#### [What you are asked to do]
Each line in the data must be reproduced as written, except for any picture.

#### [Data]
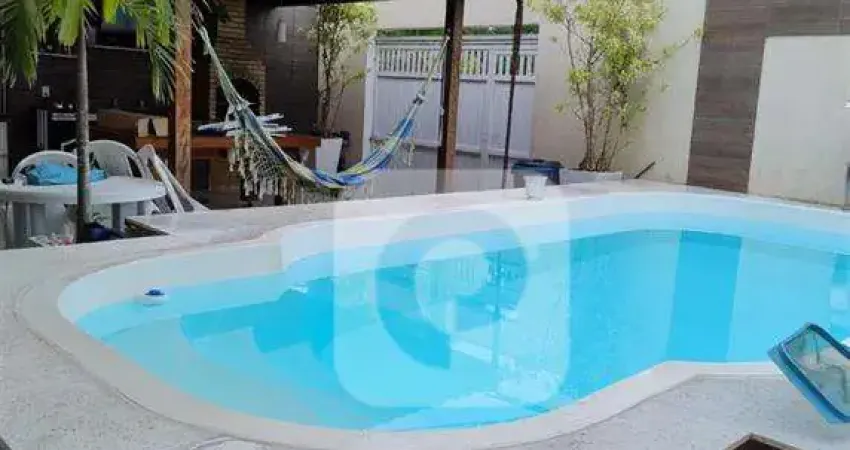 Casa condomínio fechado, com 3 suítes, ampla sala, piscina, academia e área gourmet.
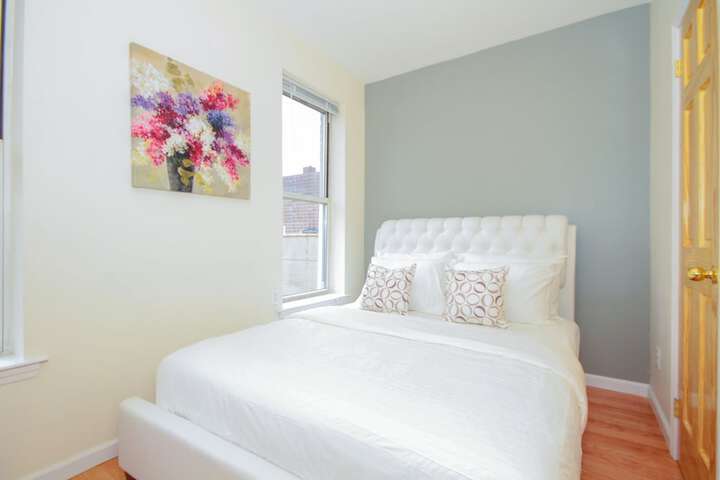 Room 2 of 103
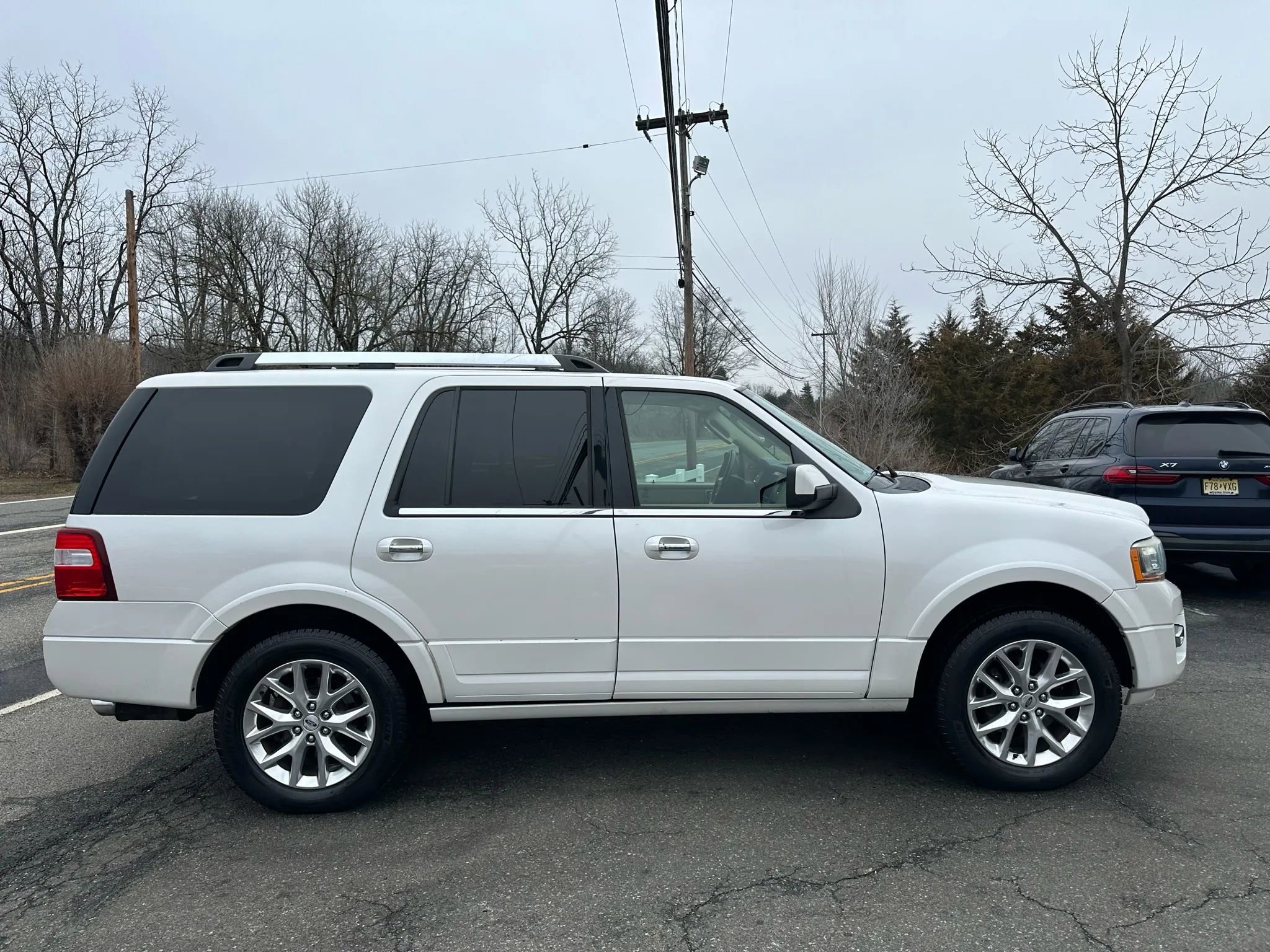 Used 2016 Ford Expedition Limited w/ Equipment Group 301A AWD/4WD image 8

#### [Solution to the exercise]
 Casa condomínio fechado, com 3 suítes, ampla sala, piscina, academia e área gourmet.
 Room 2 of 103
 Used 2016 Ford Expedition Limited w/ Equipment Group 301A AWD/4WD image 8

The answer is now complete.